TASK OBJECTIVE – Nothing but the lines from the top of the data to the line holding "You're gonna go" should be printed, word for word and both ends included; leave the pictures out.

--- EXERCISE INPUT Enclosed Below ---

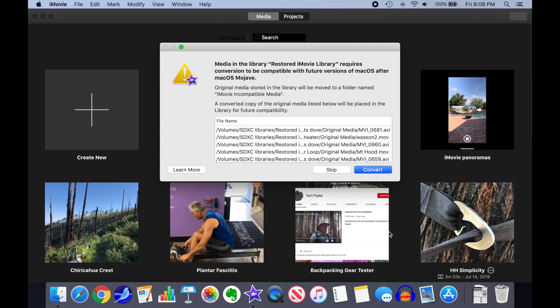A loading status box will pop up with all kinds of activity as iMovie examines the projects in the restored library. In my case, it was old enough that some video clips that soon will be incompatible with macOS were found, and iMovie offers to convert them. If this happens to you, go ahead and select Convert.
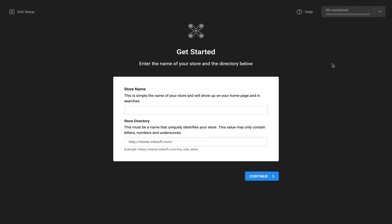So let me give you a quick tour of what to expect from the new store creation process. The most obvious thing is of course the redesigned user interface. You'll notice at the very top left you have the ability to exit setup.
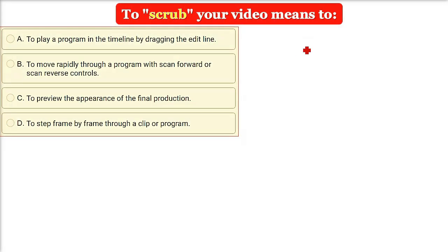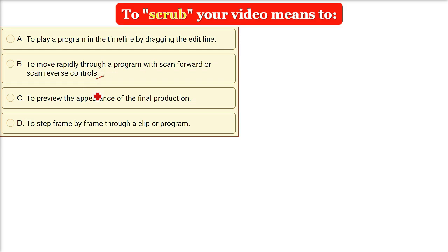To scrub your video — the options are: to play a program in the timeline by dragging the edit line; to move rapidly through a program with scan forward or scan reverse controls; to preview the appearance of the final production; or to step frame by frame through a clip or program.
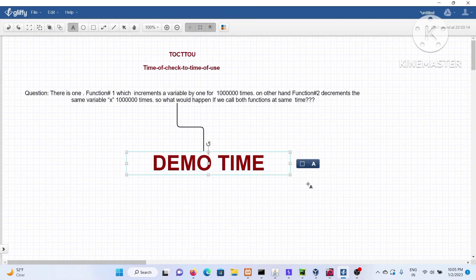I'll be starting this video with a question. It's very simple: if there are two functions, one designed to increment a variable by 100 lakh times and another to decrement the same variable by 100 lakh times, what would be the ultimate value of x? Most of you will answer it will be the same — increased by the same amount, then decreased by the same amount, so the value should remain unchanged.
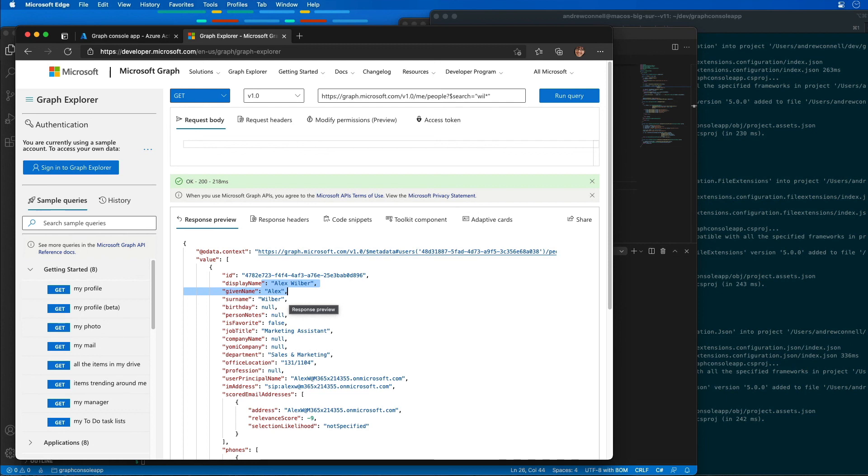And then we also use Graph Explorer to use the search query parameter to find specific users. And this query parameter also enables developers to optimize queries by not enumerating through large data collections to find a single entity, but instead you can leverage the more efficient search capabilities of Microsoft Graph.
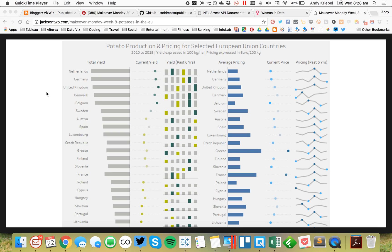In this week's Tableau Tip Tuesday, I'm going to show you how to add minimum and maximum indicators to sparklines. For this week's Makeover Monday, Ann Jackson produced this brilliant visualization. I really like what she did with these sparklines on the right-hand side here, and I'm going to show you how to build that.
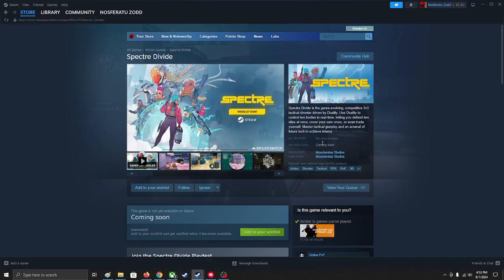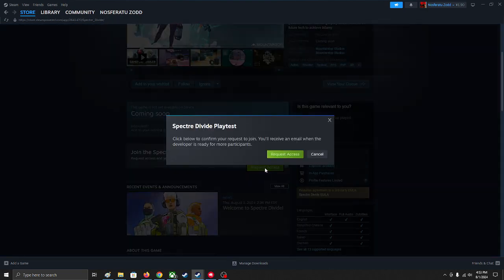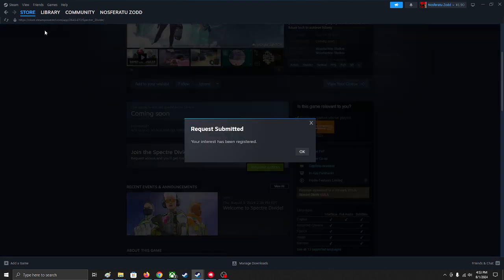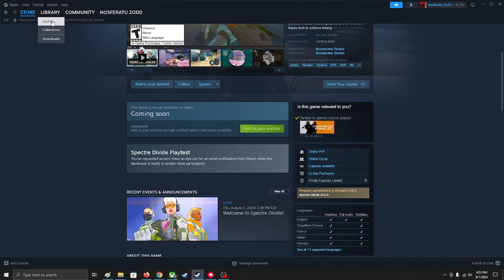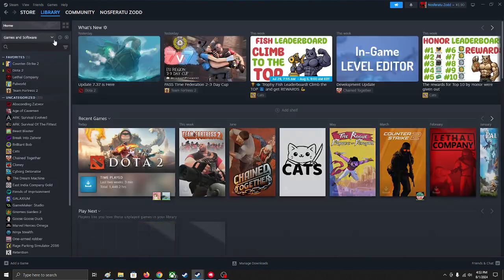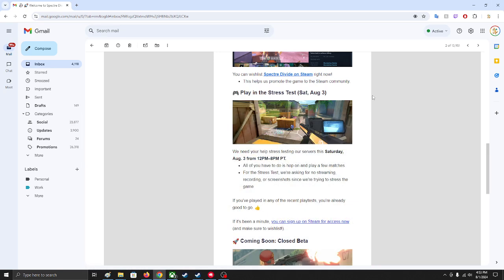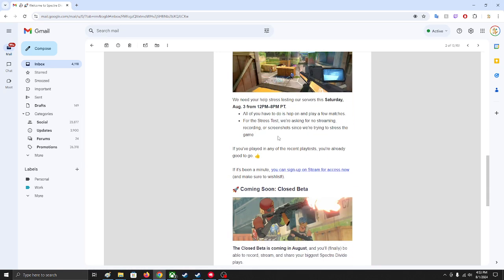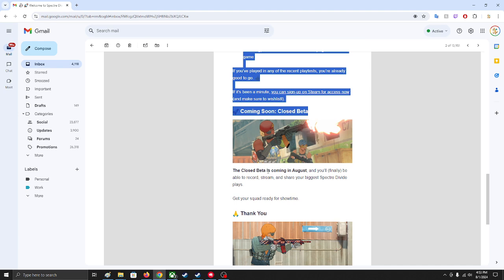You're gonna go to search Spectre Divide and over here you can see this option to request access. If you're accepted, you'll get an email and it will show up in your library, so you don't have to worry about it. They're also doing a closed beta.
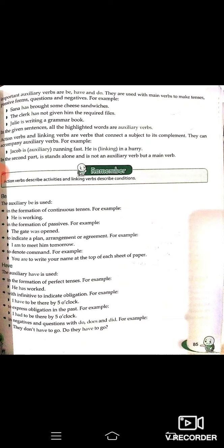Action verbs and linking verbs are verbs that connect a subject to its complement. They can accompany auxiliary verbs. For example: 'Jacob is running fast. He is in a hurry.' Here, auxiliary 'is' links the clause, while in 'He is in a hurry,' the second 'is' stands alone and is not an auxiliary verb but a main verb.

--- End of Enclosed EXERCISE INPUT ---

OUTPUT –
A loading status box will pop up with all kinds of activity as iMovie examines the projects in the restored library. In my case, it was old enough that some video clips that soon will be incompatible with macOS were found, and iMovie offers to convert them. If this happens to you, go ahead and select Convert.
So let me give you a quick tour of what to expect from the new store creation process. The most obvious thing is of course the redesigned user interface. You'll notice at the very top left you have the ability to exit setup.
To scrub your video — the options are: to play a program in the timeline by dragging the edit line; to move rapidly through a program with scan forward or scan reverse controls; to preview the appearance of the final production; or to step frame by frame through a clip or program.
I'll be starting this video with a question. It's very simple: if there are two functions, one designed to increment a variable by 100 lakh times and another to decrement the same variable by 100 lakh times, what would be the ultimate value of x? Most of you will answer it will be the same — increased by the same amount, then decreased by the same amount, so the value should remain unchanged.
And then we also use Graph Explorer to use the search query parameter to find specific users. And this query parameter also enables developers to optimize queries by not enumerating through large data collections to find a single entity, but instead you can leverage the more efficient search capabilities of Microsoft Graph.
In this week's Tableau Tip Tuesday, I'm going to show you how to add minimum and maximum indicators to sparklines. For this week's Makeover Monday, Ann Jackson produced this brilliant visualization. I really like what she did with these sparklines on the right-hand side here, and I'm going to show you how to build that.
You're gonna go to search Spectre Divide and over here you can see this option to request access. If you're accepted, you'll get an email and it will show up in your library, so you don't have to worry about it. They're also doing a closed beta.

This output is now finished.